## EXERCISE DESCRIPTION
Below are records to transcribe in full and unchanged; omit every picture.

## SOURCE DATA
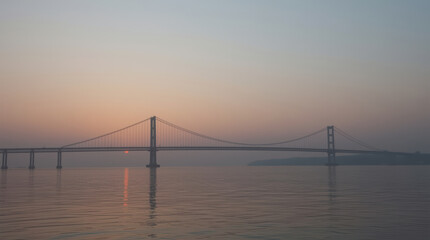 Obraz premium Suspension bridge over calm water beneath hazy sunset sky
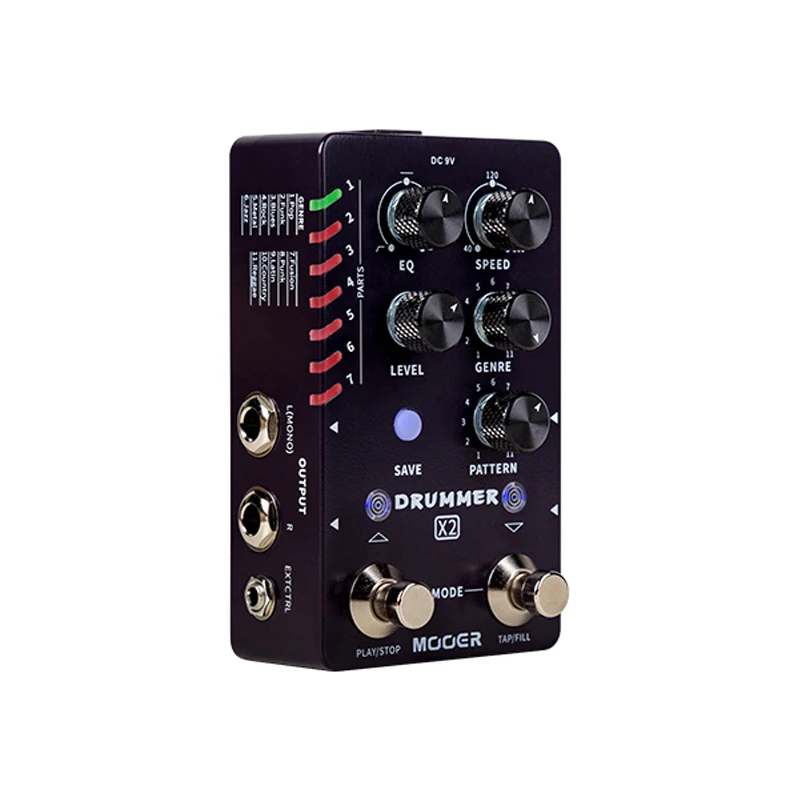 Mooer-Drummer X2 Guitar Pedal, Stereo Drum Machine Effect, Pedal with FILL Function, TAP, TEMPO EQ Knob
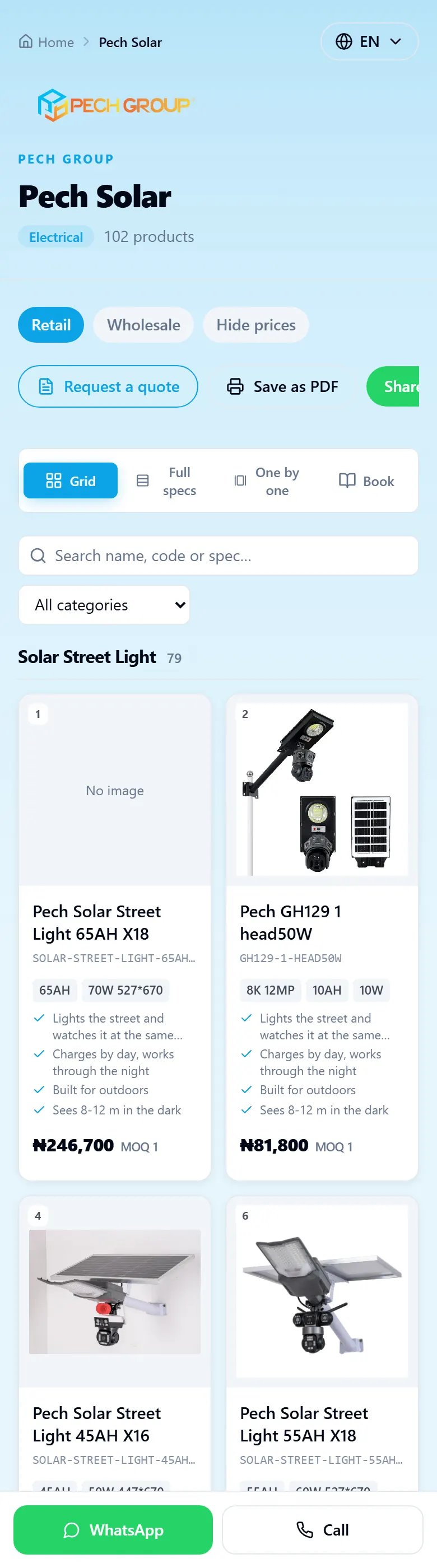 A Lumina catalogue on a phone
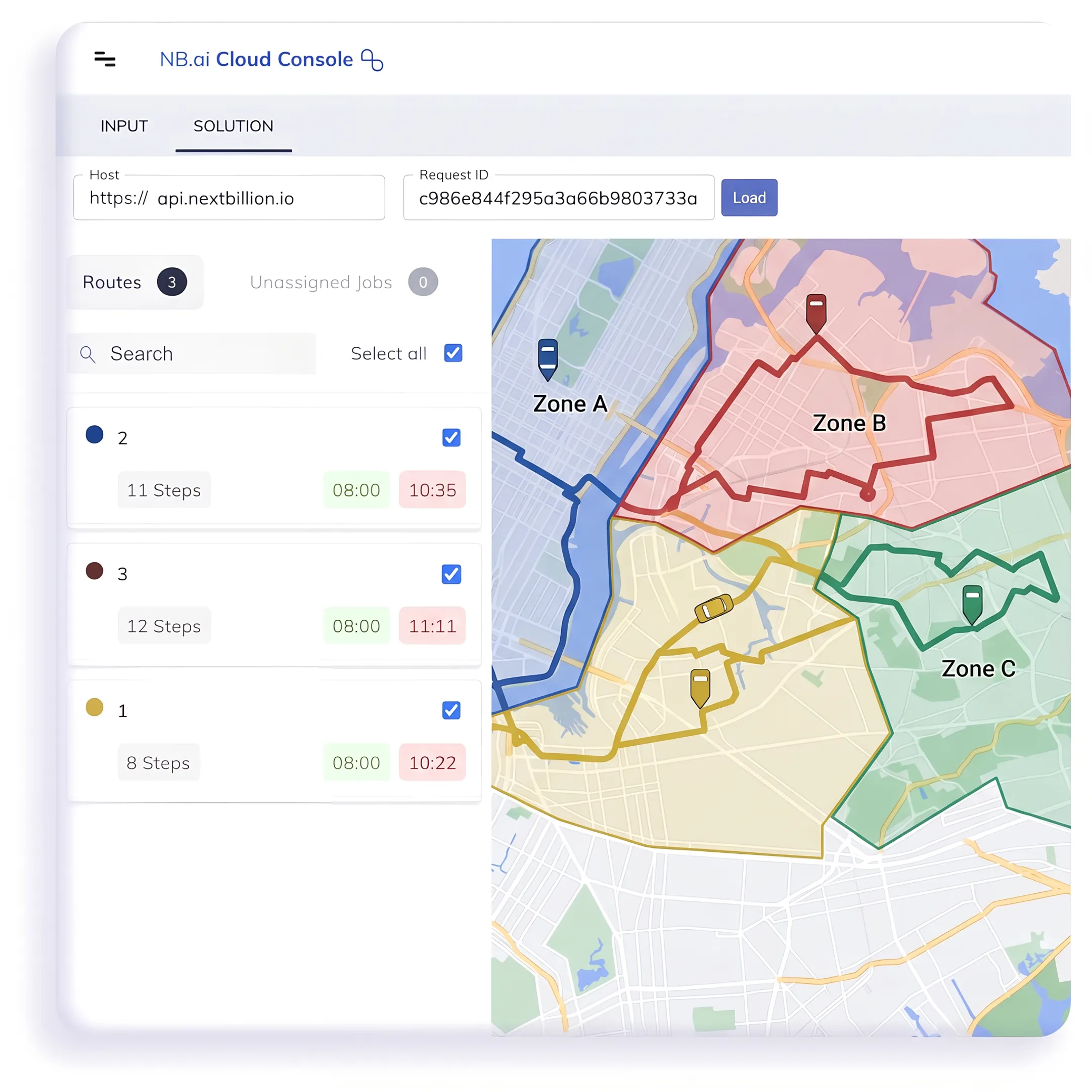 Fleet operations team reviewing custom delivery routes and vehicle locations on a logistics map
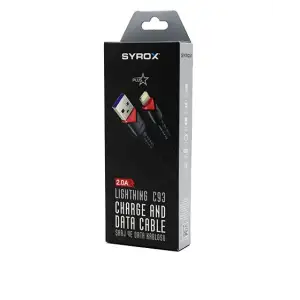 Syrox C93 ( İphone ) Usb ( Örgülü ) Lıghtnıng 2.0a Şarj & Data Kablosu*320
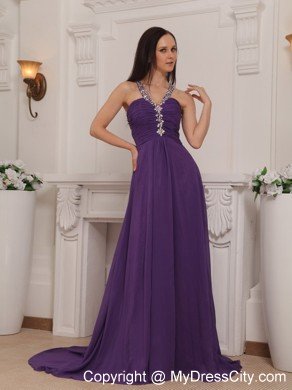 V-neck Train Chiffon Beaded Ruch Prom Dress Purple Cool Back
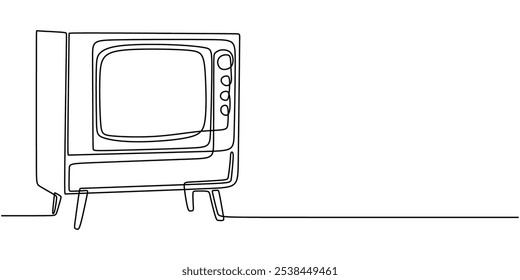 Continuous one line drawing of an old school analog TV. Retro television concept in a minimalist style.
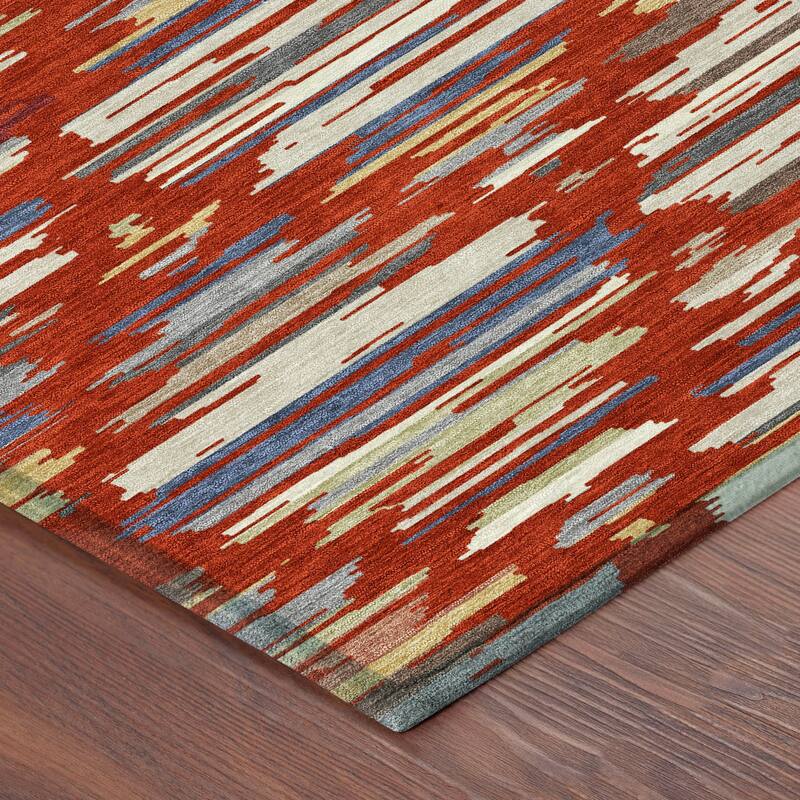 Machine Washable Indoor/ Outdoor Modern Trellis Chantille Rug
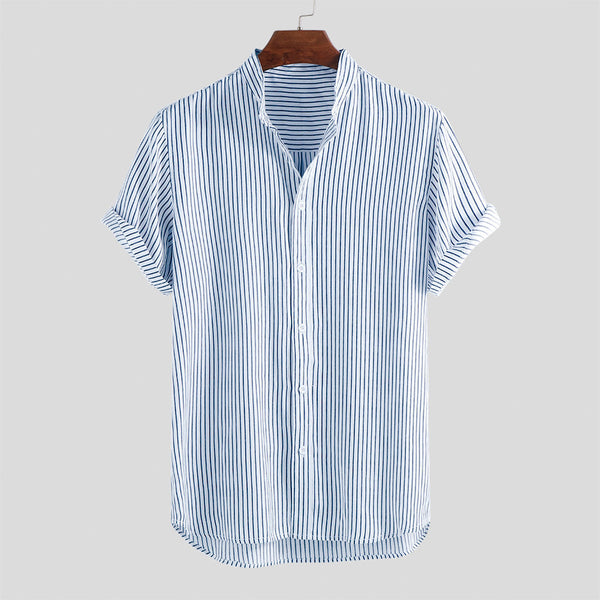 Men's Striped Stand Collar Shirt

## ANSWER AREA
 Obraz premium Suspension bridge over calm water beneath hazy sunset sky
 Mooer-Drummer X2 Guitar Pedal, Stereo Drum Machine Effect, Pedal with FILL Function, TAP, TEMPO EQ Knob
 A Lumina catalogue on a phone
 Fleet operations team reviewing custom delivery routes and vehicle locations on a logistics map
 Syrox C93 ( İphone ) Usb ( Örgülü ) Lıghtnıng 2.0a Şarj & Data Kablosu*320
 V-neck Train Chiffon Beaded Ruch Prom Dress Purple Cool Back
 Continuous one line drawing of an old school analog TV. Retro television concept in a minimalist style.
 Machine Washable Indoor/ Outdoor Modern Trellis Chantille Rug
 Men's Striped Stand Collar Shirt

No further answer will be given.